Il sottotitolo di questo libro che lei cita, Del buon uso dell’ateismo, dice ancora una volta moltissimo di lui. Giulio, da uomo non solo di filosofia ma anche di scienza, riteneva che la pratica scientifica e civile dovesse prescindere da Dio e dalla religione. Era un perfetto laico, convinto che qualsiasi scelta dovesse essere libera e responsabile. Non a caso amava gli illuministi come Adam Smith, Denis Diderot, David Hume. Ma, a proposito di Dio, ricorderei anche che Giorello ha avuto un rapporto speciale col cardinal Martini e che amava Baruch Spinoza. Noi sentiamo e sappiamo di essere eterni diceva Spinoza: è arduo, soprattutto oggi, dire che il grande filosofo olandese fosse un ateo.

Lei si occupa di economia e di industria, cosa vi legava tanto da condividere pensieri, dibattiti pubblici e, anche, un libro?

L’industria è stata e continua a essere il sistema tecnico più sofisticato che abbiamo inventato e sviluppato per coniugare le risorse della terra e il lavoro dell’uomo, quello fisico come quello intellettuale. È il più grande prodotto della scienza moderna. Ma, contrariamente al tempo degli albori del sistema di fabbrica, oggi abbiamo ragione di credere che non ci sia uno schema preordinato che in qualche modo sciolga l’enigma della storia, come per esempio voleva Marx. Crediamo invece che gli individui possano di continuo cambiarne l’apparente direzione. Una vera e propria direzione della storia in sé e per sé non esiste, il suo corso è imprevedibile perché, in particolare, è imprevedibile l’evoluzione scientifica e tecnologica.
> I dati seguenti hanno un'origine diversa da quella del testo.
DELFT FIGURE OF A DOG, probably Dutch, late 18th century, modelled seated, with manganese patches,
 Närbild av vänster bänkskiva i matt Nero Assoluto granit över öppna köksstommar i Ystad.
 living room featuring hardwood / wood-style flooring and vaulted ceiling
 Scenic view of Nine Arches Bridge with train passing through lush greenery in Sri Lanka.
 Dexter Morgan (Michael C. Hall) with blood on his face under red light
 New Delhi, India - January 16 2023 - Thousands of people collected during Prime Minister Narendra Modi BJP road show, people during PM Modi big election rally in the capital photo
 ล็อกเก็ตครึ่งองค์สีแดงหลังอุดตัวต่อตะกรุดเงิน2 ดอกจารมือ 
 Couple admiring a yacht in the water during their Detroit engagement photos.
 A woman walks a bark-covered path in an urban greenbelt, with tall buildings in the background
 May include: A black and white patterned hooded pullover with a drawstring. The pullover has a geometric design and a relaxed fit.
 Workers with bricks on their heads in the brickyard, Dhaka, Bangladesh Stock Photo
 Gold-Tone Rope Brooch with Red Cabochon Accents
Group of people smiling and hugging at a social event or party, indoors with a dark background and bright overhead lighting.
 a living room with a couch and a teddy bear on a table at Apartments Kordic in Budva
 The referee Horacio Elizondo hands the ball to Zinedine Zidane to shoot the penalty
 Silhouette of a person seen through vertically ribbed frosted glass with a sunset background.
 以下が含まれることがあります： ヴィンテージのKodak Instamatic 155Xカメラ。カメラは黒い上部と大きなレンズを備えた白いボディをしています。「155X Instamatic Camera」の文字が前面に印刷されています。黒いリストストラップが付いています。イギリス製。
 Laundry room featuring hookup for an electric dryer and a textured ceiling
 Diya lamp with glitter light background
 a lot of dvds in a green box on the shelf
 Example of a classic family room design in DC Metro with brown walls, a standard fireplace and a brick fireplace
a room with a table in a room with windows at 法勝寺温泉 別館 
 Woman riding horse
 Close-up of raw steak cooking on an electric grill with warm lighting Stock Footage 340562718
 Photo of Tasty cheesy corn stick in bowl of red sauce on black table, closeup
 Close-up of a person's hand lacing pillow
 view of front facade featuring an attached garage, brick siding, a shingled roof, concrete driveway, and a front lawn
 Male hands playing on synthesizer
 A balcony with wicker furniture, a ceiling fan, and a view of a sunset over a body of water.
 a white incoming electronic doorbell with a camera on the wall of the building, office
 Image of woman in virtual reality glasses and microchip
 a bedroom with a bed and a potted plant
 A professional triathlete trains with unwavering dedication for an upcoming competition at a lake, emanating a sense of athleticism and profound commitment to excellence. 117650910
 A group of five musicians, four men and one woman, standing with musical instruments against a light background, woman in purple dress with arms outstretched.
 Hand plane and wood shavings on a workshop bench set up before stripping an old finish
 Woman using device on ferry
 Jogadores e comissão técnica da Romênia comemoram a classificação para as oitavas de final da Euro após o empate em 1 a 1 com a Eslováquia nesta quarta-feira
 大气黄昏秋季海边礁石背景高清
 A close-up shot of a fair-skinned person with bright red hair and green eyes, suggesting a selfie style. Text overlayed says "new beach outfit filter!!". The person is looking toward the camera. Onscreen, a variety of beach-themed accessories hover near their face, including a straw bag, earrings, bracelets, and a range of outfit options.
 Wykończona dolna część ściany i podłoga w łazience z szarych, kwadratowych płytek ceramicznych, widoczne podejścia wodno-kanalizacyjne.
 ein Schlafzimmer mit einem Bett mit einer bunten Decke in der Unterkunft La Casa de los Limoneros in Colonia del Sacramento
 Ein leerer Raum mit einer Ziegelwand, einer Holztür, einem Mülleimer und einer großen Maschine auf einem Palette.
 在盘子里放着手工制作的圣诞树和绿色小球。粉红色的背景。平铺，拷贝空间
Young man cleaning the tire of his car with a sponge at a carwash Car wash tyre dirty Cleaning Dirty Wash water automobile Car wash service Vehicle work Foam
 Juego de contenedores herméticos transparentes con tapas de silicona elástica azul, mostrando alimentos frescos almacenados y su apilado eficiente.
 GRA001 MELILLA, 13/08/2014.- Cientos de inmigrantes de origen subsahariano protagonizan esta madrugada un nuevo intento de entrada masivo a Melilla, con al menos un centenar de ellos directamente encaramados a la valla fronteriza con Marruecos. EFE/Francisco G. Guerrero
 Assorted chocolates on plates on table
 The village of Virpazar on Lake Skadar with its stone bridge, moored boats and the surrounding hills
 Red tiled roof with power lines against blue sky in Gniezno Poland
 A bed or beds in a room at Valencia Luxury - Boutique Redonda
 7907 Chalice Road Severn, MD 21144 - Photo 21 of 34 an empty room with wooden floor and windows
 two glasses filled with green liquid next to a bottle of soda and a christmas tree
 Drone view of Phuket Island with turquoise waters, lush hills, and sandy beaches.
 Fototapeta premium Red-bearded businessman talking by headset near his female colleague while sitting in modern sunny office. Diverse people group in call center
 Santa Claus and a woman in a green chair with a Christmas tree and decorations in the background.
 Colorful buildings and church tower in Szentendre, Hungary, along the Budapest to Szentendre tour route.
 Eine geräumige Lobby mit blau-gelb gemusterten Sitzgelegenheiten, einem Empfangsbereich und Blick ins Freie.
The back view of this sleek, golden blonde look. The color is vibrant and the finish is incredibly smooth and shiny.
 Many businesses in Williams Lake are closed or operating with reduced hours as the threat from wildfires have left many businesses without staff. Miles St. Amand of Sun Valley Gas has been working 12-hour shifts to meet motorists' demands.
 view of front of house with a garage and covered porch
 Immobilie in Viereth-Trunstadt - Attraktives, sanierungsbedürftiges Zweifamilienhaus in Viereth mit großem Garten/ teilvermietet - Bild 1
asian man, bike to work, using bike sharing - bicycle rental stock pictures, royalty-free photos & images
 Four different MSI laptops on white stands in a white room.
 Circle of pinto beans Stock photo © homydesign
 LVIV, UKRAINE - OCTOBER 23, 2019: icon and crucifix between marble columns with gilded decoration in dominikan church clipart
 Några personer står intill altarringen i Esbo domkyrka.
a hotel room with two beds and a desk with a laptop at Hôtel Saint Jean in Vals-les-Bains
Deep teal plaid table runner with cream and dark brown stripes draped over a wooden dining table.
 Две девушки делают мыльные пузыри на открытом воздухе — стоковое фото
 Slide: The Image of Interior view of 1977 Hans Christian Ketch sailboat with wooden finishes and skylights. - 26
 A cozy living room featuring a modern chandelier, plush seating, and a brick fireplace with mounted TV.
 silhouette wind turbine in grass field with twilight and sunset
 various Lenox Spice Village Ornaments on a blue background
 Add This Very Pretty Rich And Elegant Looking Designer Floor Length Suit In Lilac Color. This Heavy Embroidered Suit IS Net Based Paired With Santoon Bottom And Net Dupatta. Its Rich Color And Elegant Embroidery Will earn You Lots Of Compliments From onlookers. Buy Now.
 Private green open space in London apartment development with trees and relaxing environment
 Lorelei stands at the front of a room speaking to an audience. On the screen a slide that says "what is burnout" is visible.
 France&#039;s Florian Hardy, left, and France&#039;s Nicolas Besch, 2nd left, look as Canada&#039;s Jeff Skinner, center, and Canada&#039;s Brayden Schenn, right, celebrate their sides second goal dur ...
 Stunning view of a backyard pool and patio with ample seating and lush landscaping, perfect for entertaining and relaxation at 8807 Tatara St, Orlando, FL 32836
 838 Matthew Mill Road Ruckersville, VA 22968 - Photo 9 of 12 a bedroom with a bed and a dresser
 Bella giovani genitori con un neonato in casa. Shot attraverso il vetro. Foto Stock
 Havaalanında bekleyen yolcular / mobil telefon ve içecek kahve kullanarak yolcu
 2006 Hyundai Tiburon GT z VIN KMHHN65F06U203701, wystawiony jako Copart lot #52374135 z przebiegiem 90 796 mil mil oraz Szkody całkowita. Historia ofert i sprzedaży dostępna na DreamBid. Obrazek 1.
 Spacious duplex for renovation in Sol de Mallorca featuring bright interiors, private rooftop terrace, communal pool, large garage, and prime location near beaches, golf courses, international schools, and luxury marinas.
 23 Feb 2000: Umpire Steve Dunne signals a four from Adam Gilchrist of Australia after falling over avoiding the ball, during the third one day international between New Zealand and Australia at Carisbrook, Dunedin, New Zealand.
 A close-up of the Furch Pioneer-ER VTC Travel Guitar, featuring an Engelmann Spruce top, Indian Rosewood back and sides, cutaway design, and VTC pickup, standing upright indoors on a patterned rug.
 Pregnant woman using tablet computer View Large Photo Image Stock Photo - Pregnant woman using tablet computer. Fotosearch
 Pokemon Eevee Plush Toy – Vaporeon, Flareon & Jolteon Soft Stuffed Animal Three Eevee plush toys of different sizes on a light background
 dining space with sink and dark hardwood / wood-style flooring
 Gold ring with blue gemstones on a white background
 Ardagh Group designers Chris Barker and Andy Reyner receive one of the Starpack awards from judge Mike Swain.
Ecco, oggi siamo nel cuore della rivoluzione digitale, che è la rivoluzione dell’industria, quella che chiamiamo Industry 4.0. Questo è diventato con gli anni il mio principale oggetto di studio che a lui interessava molto perché, appunto, è prova evidente del fatto che non è l’ideologia a cambiare il mondo ma la tecnica, perché questa è il vero contenitore in cui ricade la forma più alta di conoscenza: la tecnologia e le macchine non sono infatti nient’altro che idee della scienza in marcia diceva Giorello. Scienza e tecnica si fanno luce a vicenda, il loro rapporto è circolare, vive di continui riflessi. E così è sempre stato, soprattutto nell’antichità, quando ancor prima che l’uomo fosse in grado di porsi le domande fondamentali sulla propria esistenza, già era capace di creare strumenti tecnici, persino per formarne degli altri. Ovviamente la significatività della crescita tecnico-scientifica non deve minimamente far dimenticare la riflessione etica sulla condizione umana: altrimenti, il successo tecnologico può diventare un idolo. E di idolatria, diceva Giorello, non abbiamo alcun bisogno.

Come si spiega questa popolarità del professore e, anche, l’affabilità che lo contraddistingueva?

Giulio è stata una persona amabile, perché aveva un cuore gentile e generoso. Aveva una capacità di pensare e di comunicare molto lineare. Era molto diretto ma garbato, era in grado di esprimere qualsiasi idea senza offendere nessuno, perché era rispettoso ed elegante nei modi. Ricordo sin da quando ero studente la sua insistenza sull’eresia della scienza. In questo senso, Giulio ci ha insegnato ad essere eretici. E che il progresso della conoscenza come della civiltà si fonda su questa irriverenza, a dire il vero non sempre gentile e garbata come era lui. Leggere ciò che scriveva era emozionante perché il suo modo di esprimersi era musicale. Non a caso, oltre alla birra irlandese, amava la musica. E Bach in particolare, che nel giorno del congedo ci ha accompagnato con la sua musica. Aveva un senso dell’ironia particolarmente affilato e divertente: chissà se lo spirito è santo o solo sopra i 40 gradi? ogni tanto si chiedeva sorridendo. Oggi qualche risposta concreta comincerà ad averla.